‘Something serious? What do you mean?’
‘Isn’t it rather obvious? It’s desperately upsetting but we can’t yet rule out the possibility that she might have been attacked or abducted. I don’t want to think these things, but it seems to me they have to be considered.’
‘But is there any indication of something like that having happened?’
‘Here? None whatever. But it could have happened while she was out. You know how much she likes rambling around the countryside. But we could speculate endlessly and quite pointlessly. That’s why I’m going to the police. They have the resources and the knowledge to do what’s necessary.’
‘What about Charlotte?’
‘She’s not home until Friday. Besides, if Flora does turn up, there may in the end be nothing to tell her.’
Catriona sat unmoving staring at the phone for long after he had rung off.
In the light of what Bill knew, the action he proposed was entirely logical. He was, after all, a scientist. A disappearing spouse was no different from one of Newton’s billiard balls. If she had moved, some force must have acted upon her. All appropriate means should therefore be taken to identify that force.
Was she right to deny him the data concerning the nature of the force that might have acted? Was she concealing vital information for her own selfish reasons? If Flora did not return in the next few days, would she then be bound to reveal all she knew? Her gorge rose at the very thought of that idea, of broaching that taboo with such a man.
Did he in fact even care what had happened to his wife? Had the marriage been a mere shell with no kernel of love or affection? There had seemed at some points to be in him more anger than concern, as if he felt that Flora had been playing some kind of game with him. But the contemplation of her abduction, injury or even death had shown a little more of his vulnerability, and a little was a great deal in a man of his generally dispassionate nature.

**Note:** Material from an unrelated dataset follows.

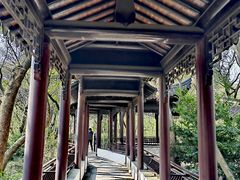 -上海佘山国家森林公园天马山园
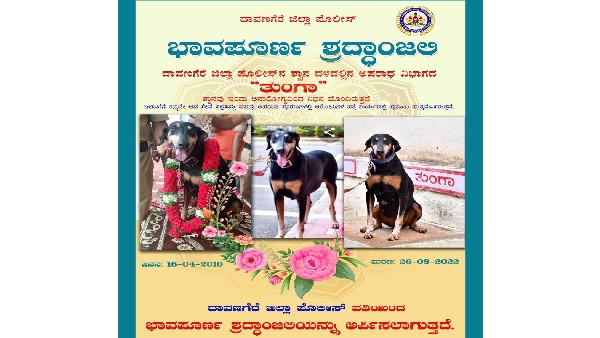 ಹ್ಯಾಂಡ್ಲರ್‌ ಹೇಳಿದ ಹಾಗೆ ಕೇಳುತ್ತಿದ್ದ ಶ್ವಾನ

And Flora, this new Flora whom she hardly knew, was she really playing some sort of attention-seeking game? At that, Catriona found that she too could feel anger and resentment, mixed with her anxiety and grief. And wasn’t suicide itself the ultimate piece of attention-seeking, the easy, the coward’s way out? Wasn’t that why she herself had shunned it? How could Flora have vanished in this fashion, leaving such emotional wreckage in her wake? Was it desperation that caused it, or cruelty – a desire to wound and to punish? Each thought was like a further stone added to the cairn of desolation in her heart. How could she have been abandoned like this, full of a grief that could neither be assuaged with knowledge or purged by death?